● Raw data
————————

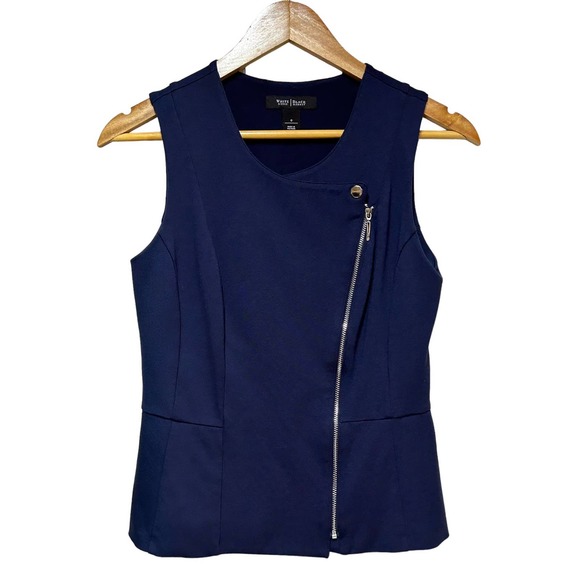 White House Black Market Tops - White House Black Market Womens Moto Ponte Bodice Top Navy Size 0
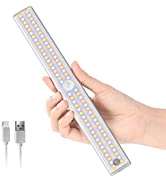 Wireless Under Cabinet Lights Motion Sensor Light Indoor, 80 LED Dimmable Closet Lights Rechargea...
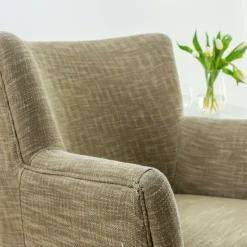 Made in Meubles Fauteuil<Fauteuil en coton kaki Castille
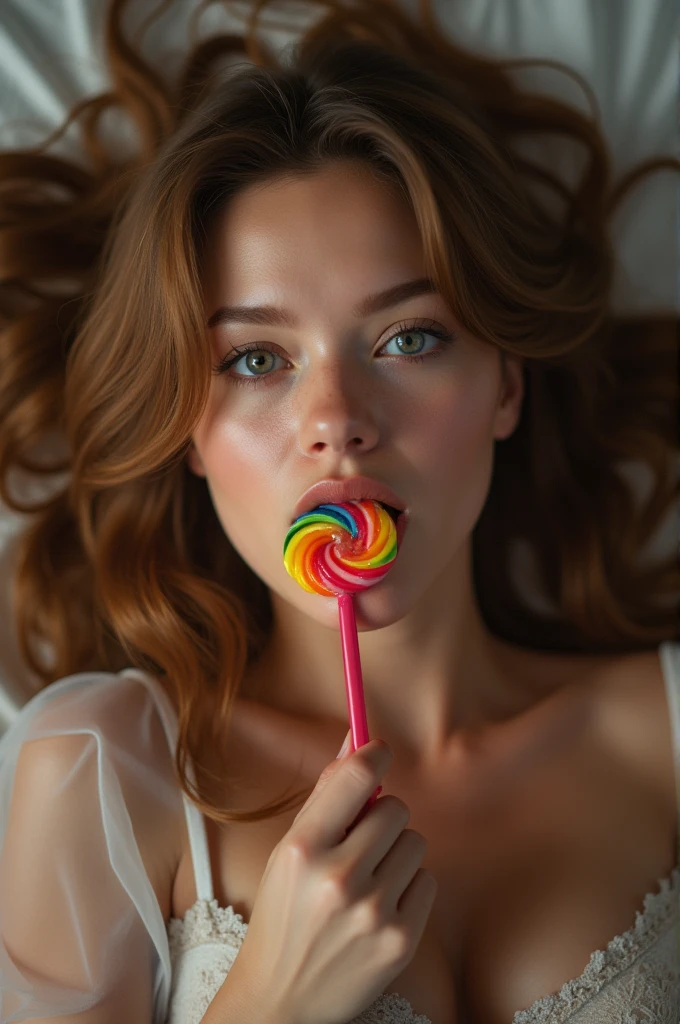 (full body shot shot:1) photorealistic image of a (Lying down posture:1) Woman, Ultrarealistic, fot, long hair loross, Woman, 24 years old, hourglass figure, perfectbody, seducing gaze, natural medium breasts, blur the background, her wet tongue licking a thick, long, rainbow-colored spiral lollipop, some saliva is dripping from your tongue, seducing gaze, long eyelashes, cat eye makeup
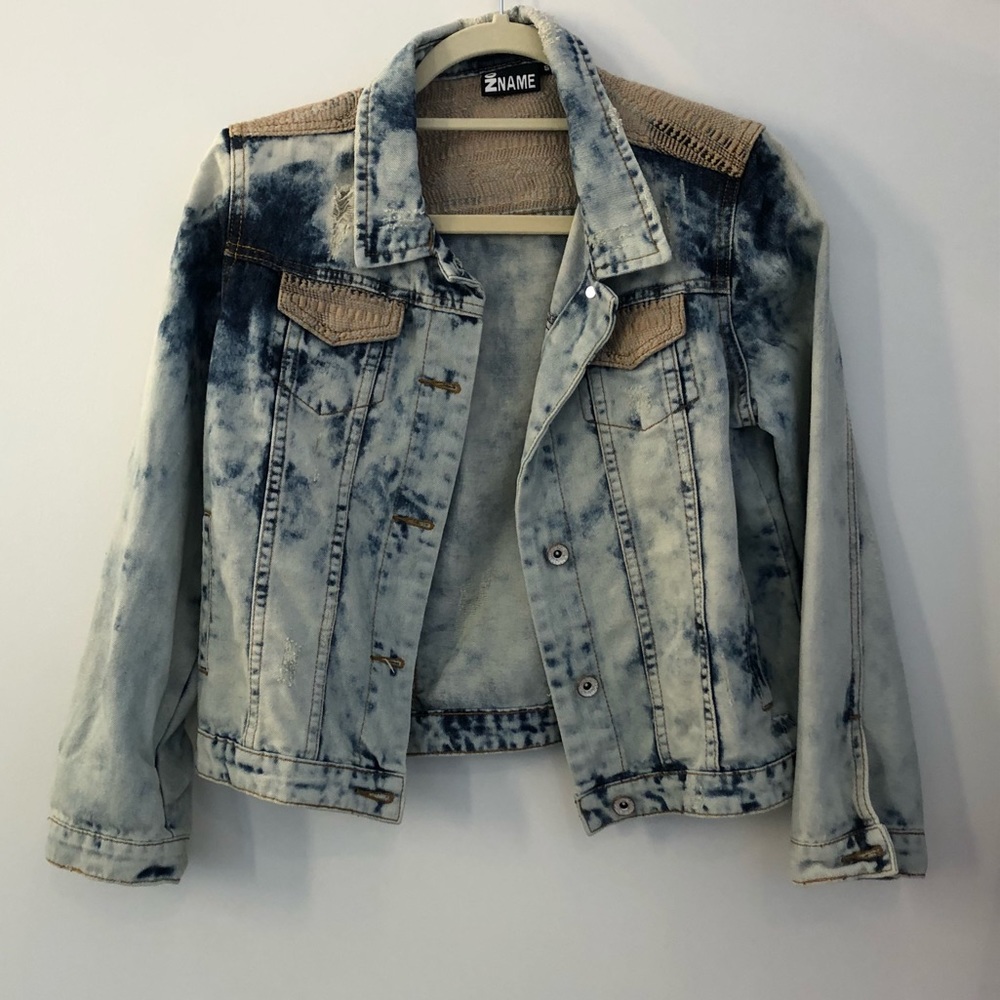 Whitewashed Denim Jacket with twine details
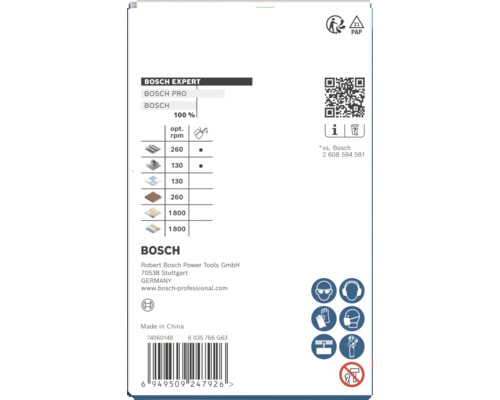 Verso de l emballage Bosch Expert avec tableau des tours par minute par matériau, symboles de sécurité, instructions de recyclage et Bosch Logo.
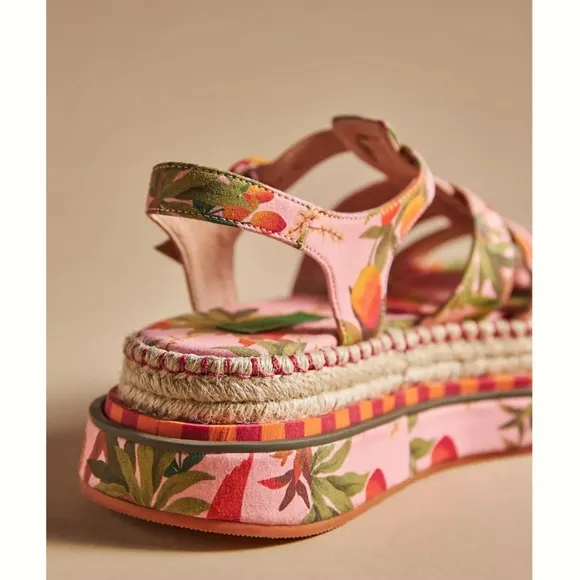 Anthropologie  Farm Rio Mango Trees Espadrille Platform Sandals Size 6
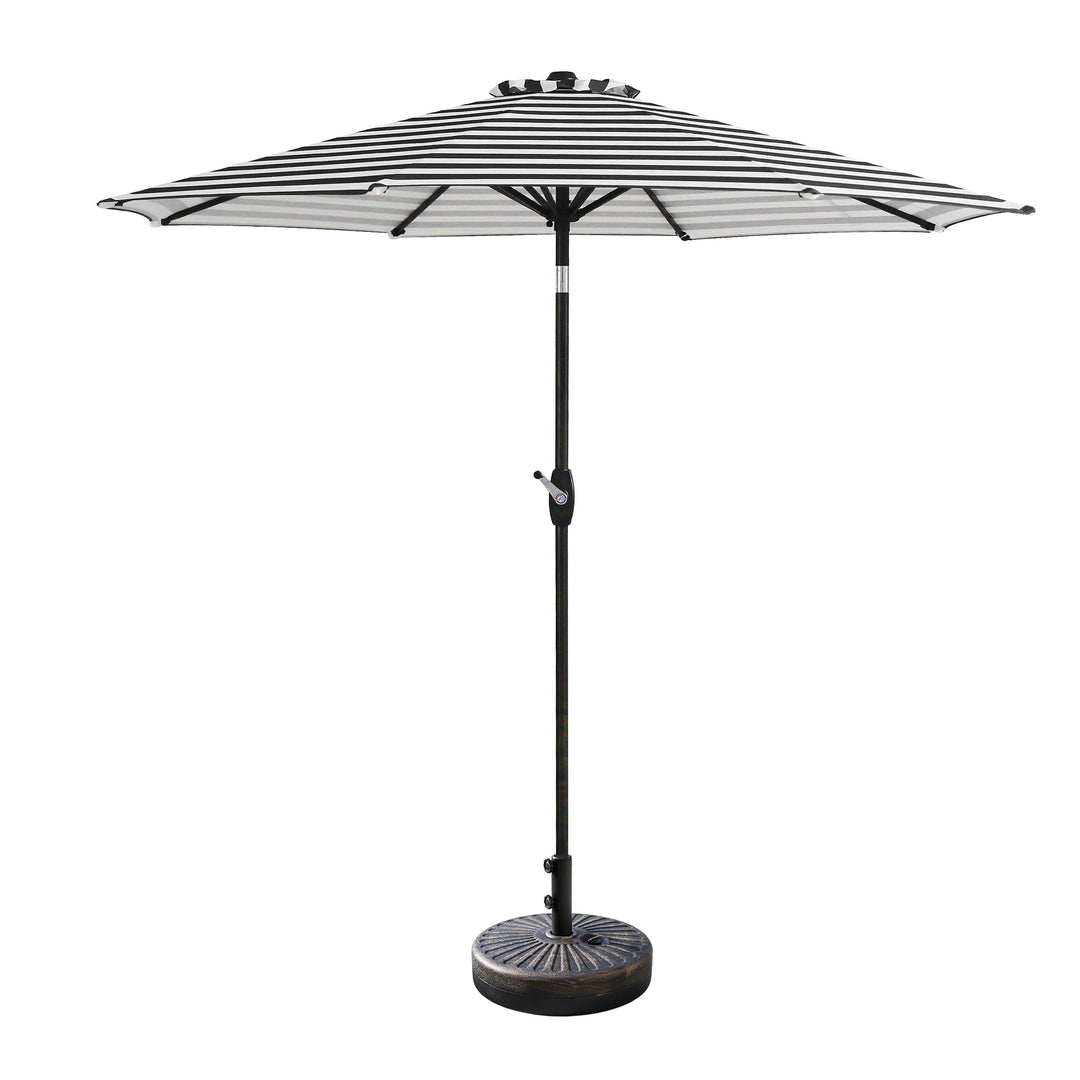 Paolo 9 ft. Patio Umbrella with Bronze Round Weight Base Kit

————————

● What you will do
A word-for-word retyping of every record is required, without the pictures.

● Response area
 White House Black Market Tops - White House Black Market Womens Moto Ponte Bodice Top Navy Size 0
 Wireless Under Cabinet Lights Motion Sensor Light Indoor, 80 LED Dimmable Closet Lights Rechargea...
 Made in Meubles Fauteuil<Fauteuil en coton kaki Castille
 (full body shot shot:1) photorealistic image of a (Lying down posture:1) Woman, Ultrarealistic, fot, long hair loross, Woman, 24 years old, hourglass figure, perfectbody, seducing gaze, natural medium breasts, blur the background, her wet tongue licking a thick, long, rainbow-colored spiral lollipop, some saliva is dripping from your tongue, seducing gaze, long eyelashes, cat eye makeup
 Whitewashed Denim Jacket with twine details
 Verso de l emballage Bosch Expert avec tableau des tours par minute par matériau, symboles de sécurité, instructions de recyclage et Bosch Logo.
 Anthropologie  Farm Rio Mango Trees Espadrille Platform Sandals Size 6
 Paolo 9 ft. Patio Umbrella with Bronze Round Weight Base Kit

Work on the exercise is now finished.